Perhaps fittingly, the decision came the same week as it was learned that one of China's largest state-owned enterprises, Cosco, was reneging on bulk carrier charter contracts with a Greek ship owner which led to the arrest of some Cosco ships in foreign ports. It was not as though Cosco, an arm of the Ministry of Communications, was unable to pay; it has access to any amount of funds from the state or from state banks. It was refusing to pay simply because it was losing money on charters signed in 2008. It may have a triple-A credit rating but what is that worth if it thinks that being big and Chinese and state-owned means it can tear up contracts?
In the light of the NPC decision, it is clear that no one is going to be bothering to arrest a Cosco ship in Hong Kong. Better wait until it docks in somewhere like Singapore, or Hamburg, or Cape Town. And if Cosco is assumed to be immune then, presumably, state-owned shipping lines from other countries can make similar claims.
Some lawyers anxious to ingratiate themselves with Beijing have praised the decision - made unanimously by the 157 members of the NPC Standing Committee - as clarifying the situation. In fact it does little of the sort. In the Congo case, the state itself was the defendant though the case was commercial. A Chinese state company stood to lose as well, as it actually possessed some of the assets claimed by the creditor.
What remains up in the air is the key issue: does the interpretation apply to commercial entities, trading as companies, which happen to be majority-owned by a government ministry? Or was the Congo case an unusual and exceptional case because there was no corporate intermediary?
That remains unclear and, as a result, lots of contracts which would otherwise have been signed in Hong Kong and subject to Hong Kong law will be signed elsewhere. That will be a loss for Hong Kong.

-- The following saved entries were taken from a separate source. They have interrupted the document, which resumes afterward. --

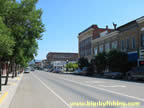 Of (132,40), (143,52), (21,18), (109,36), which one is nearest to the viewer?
(21,18)

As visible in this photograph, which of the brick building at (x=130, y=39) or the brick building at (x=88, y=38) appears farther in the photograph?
the brick building at (x=88, y=38)

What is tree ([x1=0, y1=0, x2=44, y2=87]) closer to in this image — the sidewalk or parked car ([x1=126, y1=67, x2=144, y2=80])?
the sidewalk

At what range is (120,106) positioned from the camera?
348 inches

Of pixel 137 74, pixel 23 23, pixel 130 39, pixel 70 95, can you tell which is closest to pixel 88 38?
pixel 130 39

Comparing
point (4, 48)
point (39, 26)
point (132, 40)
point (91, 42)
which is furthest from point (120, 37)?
point (4, 48)

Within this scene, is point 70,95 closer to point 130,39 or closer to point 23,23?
point 23,23

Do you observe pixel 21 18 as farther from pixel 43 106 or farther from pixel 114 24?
pixel 114 24

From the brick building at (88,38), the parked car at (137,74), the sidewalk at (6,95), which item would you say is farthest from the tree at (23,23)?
the brick building at (88,38)

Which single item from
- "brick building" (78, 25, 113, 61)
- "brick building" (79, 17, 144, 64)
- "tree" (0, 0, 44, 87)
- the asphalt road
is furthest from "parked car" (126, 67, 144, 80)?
"brick building" (78, 25, 113, 61)

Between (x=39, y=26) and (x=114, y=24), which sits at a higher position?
(x=114, y=24)

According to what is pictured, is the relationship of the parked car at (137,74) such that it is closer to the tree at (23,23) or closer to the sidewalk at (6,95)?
the tree at (23,23)

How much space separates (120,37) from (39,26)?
95.7 ft

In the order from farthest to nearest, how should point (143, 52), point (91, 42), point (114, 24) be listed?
1. point (91, 42)
2. point (114, 24)
3. point (143, 52)

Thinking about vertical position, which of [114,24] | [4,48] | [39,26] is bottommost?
[4,48] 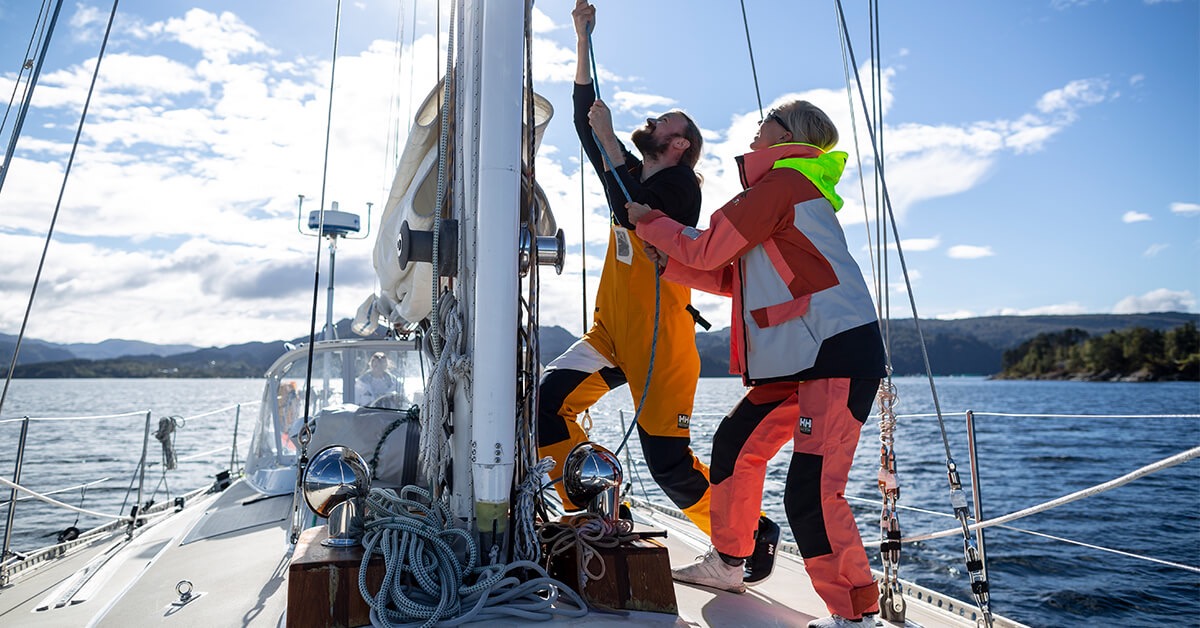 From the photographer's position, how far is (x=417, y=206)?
290 centimetres

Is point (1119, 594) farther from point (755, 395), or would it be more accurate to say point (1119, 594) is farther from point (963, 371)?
point (963, 371)

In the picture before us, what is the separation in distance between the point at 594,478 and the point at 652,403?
479mm

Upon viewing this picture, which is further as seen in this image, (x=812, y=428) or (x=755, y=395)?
(x=755, y=395)

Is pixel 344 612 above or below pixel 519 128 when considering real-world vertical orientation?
below

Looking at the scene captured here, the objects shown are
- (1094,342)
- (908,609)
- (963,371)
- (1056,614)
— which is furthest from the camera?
(963,371)

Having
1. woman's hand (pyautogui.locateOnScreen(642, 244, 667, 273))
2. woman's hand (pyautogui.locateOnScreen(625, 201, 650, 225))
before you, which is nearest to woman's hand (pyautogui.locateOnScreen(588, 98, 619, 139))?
woman's hand (pyautogui.locateOnScreen(625, 201, 650, 225))

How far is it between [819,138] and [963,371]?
101788mm

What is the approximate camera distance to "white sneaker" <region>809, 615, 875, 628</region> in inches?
74.4

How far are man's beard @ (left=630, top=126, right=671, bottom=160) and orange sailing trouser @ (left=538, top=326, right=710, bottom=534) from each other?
0.60 metres

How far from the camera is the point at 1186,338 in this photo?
5838cm

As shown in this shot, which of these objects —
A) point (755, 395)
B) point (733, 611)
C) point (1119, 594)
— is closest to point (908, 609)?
point (733, 611)

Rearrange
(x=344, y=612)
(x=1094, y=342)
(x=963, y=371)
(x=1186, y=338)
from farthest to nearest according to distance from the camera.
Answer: (x=963, y=371) < (x=1094, y=342) < (x=1186, y=338) < (x=344, y=612)

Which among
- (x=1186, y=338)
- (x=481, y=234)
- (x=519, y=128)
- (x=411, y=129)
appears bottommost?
(x=481, y=234)

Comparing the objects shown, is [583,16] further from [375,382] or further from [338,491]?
[375,382] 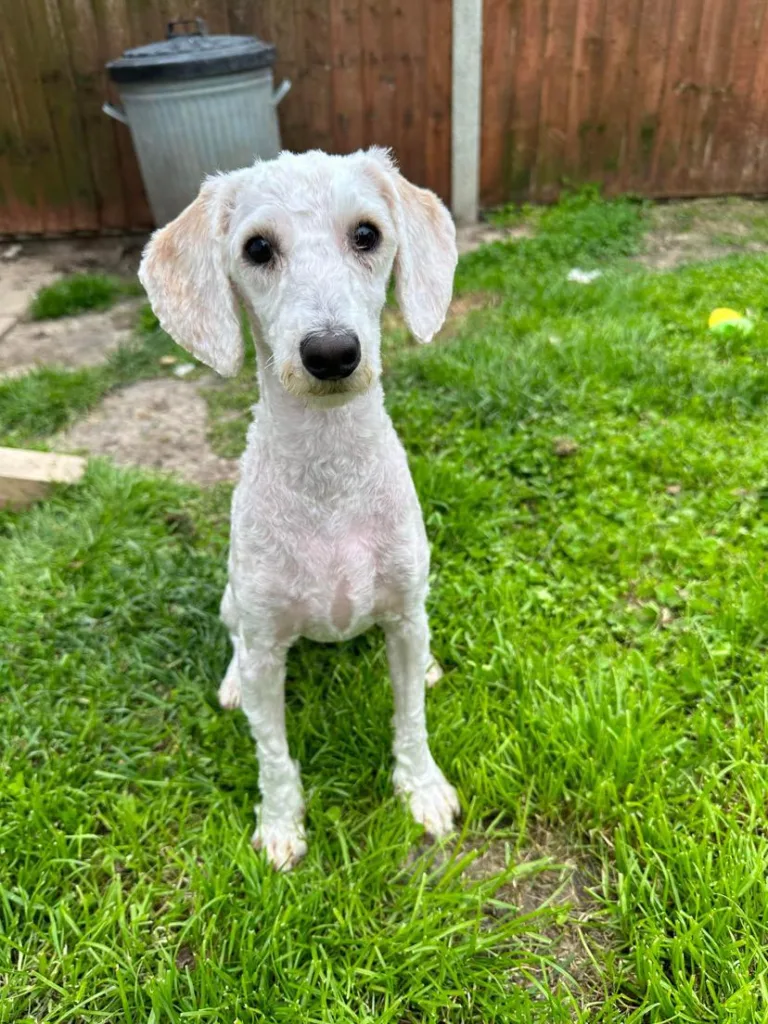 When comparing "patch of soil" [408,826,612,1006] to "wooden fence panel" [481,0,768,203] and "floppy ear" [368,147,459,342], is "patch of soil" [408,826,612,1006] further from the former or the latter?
"wooden fence panel" [481,0,768,203]

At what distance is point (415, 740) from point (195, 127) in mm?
5170

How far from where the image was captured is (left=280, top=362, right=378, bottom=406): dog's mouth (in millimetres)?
1608

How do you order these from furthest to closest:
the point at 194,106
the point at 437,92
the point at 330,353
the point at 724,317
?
the point at 437,92
the point at 194,106
the point at 724,317
the point at 330,353

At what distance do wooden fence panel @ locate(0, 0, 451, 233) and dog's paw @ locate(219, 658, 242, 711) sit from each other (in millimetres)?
5900

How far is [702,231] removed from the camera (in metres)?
7.00

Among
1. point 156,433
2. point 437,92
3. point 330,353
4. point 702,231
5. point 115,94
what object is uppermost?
point 330,353

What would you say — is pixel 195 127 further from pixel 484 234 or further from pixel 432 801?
pixel 432 801

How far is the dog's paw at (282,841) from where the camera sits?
215cm

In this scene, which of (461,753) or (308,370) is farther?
(461,753)

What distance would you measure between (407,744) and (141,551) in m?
1.62

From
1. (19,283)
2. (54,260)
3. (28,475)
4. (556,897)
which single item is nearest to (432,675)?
(556,897)

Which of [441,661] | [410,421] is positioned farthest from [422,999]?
[410,421]

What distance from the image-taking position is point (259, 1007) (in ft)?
5.77

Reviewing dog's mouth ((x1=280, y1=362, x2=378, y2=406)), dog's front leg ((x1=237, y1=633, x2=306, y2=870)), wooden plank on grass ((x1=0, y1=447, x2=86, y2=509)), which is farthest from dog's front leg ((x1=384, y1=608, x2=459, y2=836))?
wooden plank on grass ((x1=0, y1=447, x2=86, y2=509)) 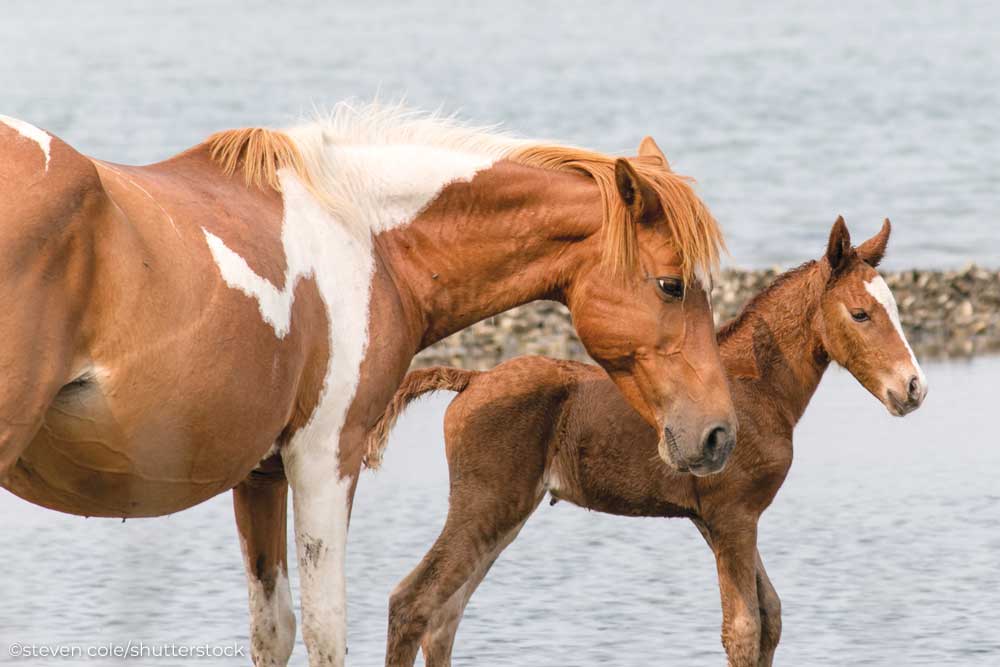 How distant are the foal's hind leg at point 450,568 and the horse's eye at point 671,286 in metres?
1.64

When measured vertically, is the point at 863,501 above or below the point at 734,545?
below

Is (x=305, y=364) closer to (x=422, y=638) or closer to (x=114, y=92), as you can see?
(x=422, y=638)

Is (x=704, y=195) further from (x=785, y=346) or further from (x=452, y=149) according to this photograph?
(x=452, y=149)

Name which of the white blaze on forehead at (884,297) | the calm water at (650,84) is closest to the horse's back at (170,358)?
the white blaze on forehead at (884,297)

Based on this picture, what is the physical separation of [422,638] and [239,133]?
2.21 meters

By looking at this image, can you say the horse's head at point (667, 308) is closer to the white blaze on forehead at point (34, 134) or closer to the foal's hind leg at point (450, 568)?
the foal's hind leg at point (450, 568)

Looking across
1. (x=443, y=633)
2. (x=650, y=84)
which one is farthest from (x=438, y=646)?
(x=650, y=84)

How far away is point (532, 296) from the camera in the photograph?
5.19 meters

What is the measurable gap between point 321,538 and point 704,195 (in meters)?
16.8

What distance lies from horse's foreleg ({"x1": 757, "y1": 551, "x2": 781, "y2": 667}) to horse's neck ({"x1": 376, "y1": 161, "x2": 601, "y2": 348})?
177 cm

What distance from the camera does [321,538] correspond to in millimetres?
4801

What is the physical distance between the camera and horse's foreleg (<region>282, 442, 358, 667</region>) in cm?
477

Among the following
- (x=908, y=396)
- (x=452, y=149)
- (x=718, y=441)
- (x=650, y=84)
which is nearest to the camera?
(x=718, y=441)

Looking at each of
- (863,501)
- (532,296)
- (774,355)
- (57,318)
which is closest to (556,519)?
(863,501) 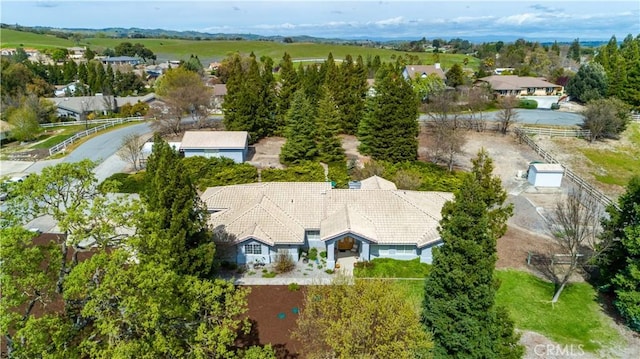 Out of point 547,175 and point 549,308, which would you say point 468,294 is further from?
point 547,175

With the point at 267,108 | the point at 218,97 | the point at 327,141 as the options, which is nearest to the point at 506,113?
the point at 327,141

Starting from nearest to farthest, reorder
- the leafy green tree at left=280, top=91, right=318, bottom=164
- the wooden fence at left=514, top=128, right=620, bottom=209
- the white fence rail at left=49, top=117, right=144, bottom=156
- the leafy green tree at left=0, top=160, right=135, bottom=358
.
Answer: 1. the leafy green tree at left=0, top=160, right=135, bottom=358
2. the wooden fence at left=514, top=128, right=620, bottom=209
3. the leafy green tree at left=280, top=91, right=318, bottom=164
4. the white fence rail at left=49, top=117, right=144, bottom=156

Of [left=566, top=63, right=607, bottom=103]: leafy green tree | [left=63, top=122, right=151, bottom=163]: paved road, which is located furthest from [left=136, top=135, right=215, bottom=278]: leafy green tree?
[left=566, top=63, right=607, bottom=103]: leafy green tree

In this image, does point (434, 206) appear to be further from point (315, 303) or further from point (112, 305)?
point (112, 305)

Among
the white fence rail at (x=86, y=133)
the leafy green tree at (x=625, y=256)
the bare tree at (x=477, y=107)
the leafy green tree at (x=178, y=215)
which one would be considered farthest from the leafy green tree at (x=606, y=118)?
the white fence rail at (x=86, y=133)

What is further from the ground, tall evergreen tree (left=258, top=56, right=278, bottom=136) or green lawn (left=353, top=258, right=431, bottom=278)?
tall evergreen tree (left=258, top=56, right=278, bottom=136)

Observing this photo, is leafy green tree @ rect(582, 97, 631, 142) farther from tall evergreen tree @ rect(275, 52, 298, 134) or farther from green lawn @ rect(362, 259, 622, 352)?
tall evergreen tree @ rect(275, 52, 298, 134)

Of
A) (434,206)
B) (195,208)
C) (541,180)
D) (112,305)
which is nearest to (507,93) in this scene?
(541,180) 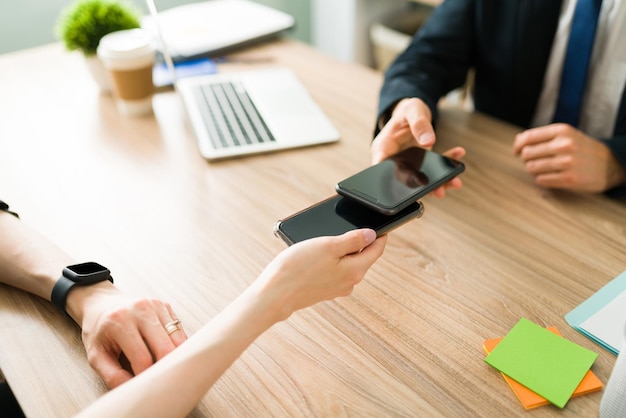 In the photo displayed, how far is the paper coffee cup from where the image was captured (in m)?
1.08

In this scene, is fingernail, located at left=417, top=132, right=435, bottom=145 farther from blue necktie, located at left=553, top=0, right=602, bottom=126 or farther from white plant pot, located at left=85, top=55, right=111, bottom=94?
white plant pot, located at left=85, top=55, right=111, bottom=94

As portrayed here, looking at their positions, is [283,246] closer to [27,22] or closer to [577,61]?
[577,61]

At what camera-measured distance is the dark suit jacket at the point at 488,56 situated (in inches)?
42.6

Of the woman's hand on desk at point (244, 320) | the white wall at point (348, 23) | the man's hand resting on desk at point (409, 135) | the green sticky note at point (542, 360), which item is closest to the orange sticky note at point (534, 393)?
the green sticky note at point (542, 360)

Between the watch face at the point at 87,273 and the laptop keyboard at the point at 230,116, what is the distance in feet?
1.28

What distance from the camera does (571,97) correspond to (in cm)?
110

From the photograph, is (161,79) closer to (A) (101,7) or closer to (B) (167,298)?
(A) (101,7)

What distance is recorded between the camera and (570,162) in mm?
862

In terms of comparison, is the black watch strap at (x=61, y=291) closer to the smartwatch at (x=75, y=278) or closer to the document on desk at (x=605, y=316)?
the smartwatch at (x=75, y=278)

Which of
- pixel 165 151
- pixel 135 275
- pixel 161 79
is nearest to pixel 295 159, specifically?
pixel 165 151

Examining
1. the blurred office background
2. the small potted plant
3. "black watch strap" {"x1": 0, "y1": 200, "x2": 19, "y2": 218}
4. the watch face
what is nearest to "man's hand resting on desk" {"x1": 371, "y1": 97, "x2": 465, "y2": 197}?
the watch face

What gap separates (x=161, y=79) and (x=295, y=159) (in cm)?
49

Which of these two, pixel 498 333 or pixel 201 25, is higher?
pixel 201 25

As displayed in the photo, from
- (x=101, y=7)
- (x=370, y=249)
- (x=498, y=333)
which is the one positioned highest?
(x=101, y=7) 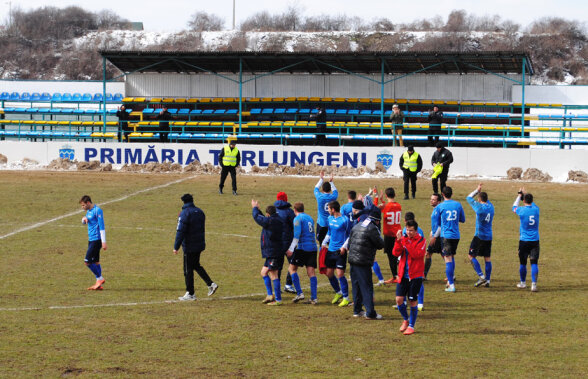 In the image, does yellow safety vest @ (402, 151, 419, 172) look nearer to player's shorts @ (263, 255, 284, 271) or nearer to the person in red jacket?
player's shorts @ (263, 255, 284, 271)

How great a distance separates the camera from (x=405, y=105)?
45438mm

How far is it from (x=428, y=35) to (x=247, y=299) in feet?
271

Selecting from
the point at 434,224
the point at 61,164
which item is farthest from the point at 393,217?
the point at 61,164

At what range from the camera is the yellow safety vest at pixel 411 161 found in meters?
27.1

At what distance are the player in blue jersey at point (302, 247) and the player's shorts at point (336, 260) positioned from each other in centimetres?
25

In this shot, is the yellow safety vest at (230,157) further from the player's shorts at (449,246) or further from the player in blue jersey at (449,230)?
the player's shorts at (449,246)

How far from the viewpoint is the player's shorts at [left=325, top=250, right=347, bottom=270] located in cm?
1384

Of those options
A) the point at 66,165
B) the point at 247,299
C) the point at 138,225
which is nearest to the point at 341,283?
the point at 247,299

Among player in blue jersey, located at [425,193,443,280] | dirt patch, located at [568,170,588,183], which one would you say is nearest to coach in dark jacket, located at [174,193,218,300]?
player in blue jersey, located at [425,193,443,280]

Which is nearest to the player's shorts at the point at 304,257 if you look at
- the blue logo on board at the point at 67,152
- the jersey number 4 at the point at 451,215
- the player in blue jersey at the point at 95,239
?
the jersey number 4 at the point at 451,215

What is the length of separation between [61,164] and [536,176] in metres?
21.5

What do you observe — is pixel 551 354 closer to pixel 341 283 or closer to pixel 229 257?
pixel 341 283

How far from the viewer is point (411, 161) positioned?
27203 mm

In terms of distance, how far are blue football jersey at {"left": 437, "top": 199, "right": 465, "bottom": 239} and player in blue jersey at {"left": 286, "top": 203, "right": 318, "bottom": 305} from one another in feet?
8.94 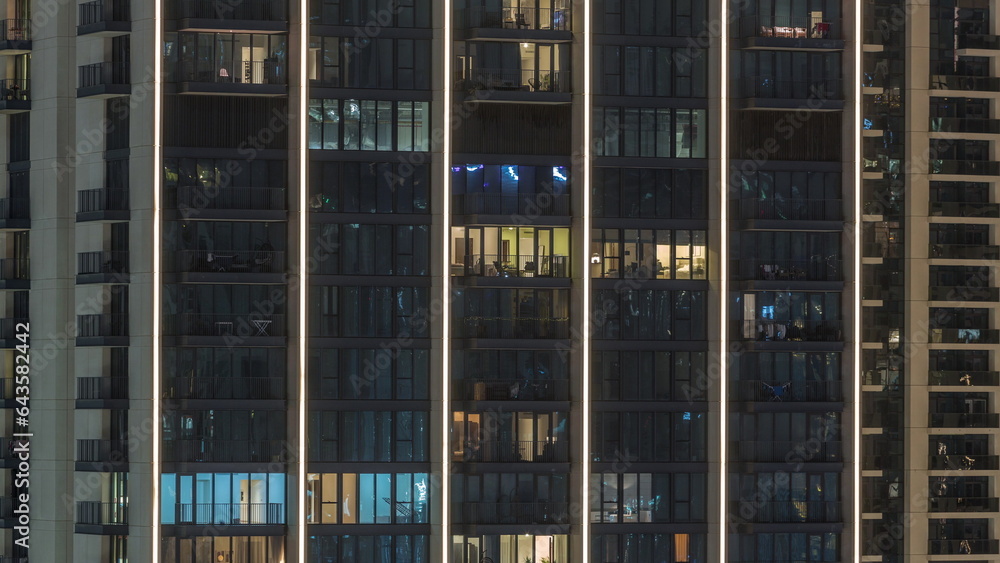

Worse, there are also many deals which for practical purposes cannot be signed anywhere but in Hong Kong, so the risks of not being able to get satisfaction from the local courts will add to costs and deter business.
This is not just theory. The Cosco refusal to honour charter contracts had immediate effects on the whole shipping industry in which China plays a large and increasing role as charterer, mostly of bulk carriers and tankers. Shipping stock prices fell, borrowing costs for the industry rose and owners with charters to Chinese state companies received worried calls from their bankers. Latest reports say Cosco is paying up, probably under orders from more sensible people in higher positions in Beijing.
But the incident will not be forgotten by those wondering where and under what legislation they should be signing contracts. Indeed, it is sad that this is just the kind of issue on which the mainland could be learning from Hong Kong, with its long history of trade and reputation as a safe legal and banking haven and able to separate commercial from national issues. Hong Kong has long been a centre not just for deals with China but for deals involving traders in countries, particularly in Asia, which do not offer robust legal systems and thus prefer to sign deals according to Hong Kong law, even when the trade and investment does not pass through the city. That is what being an entrep?t is all about.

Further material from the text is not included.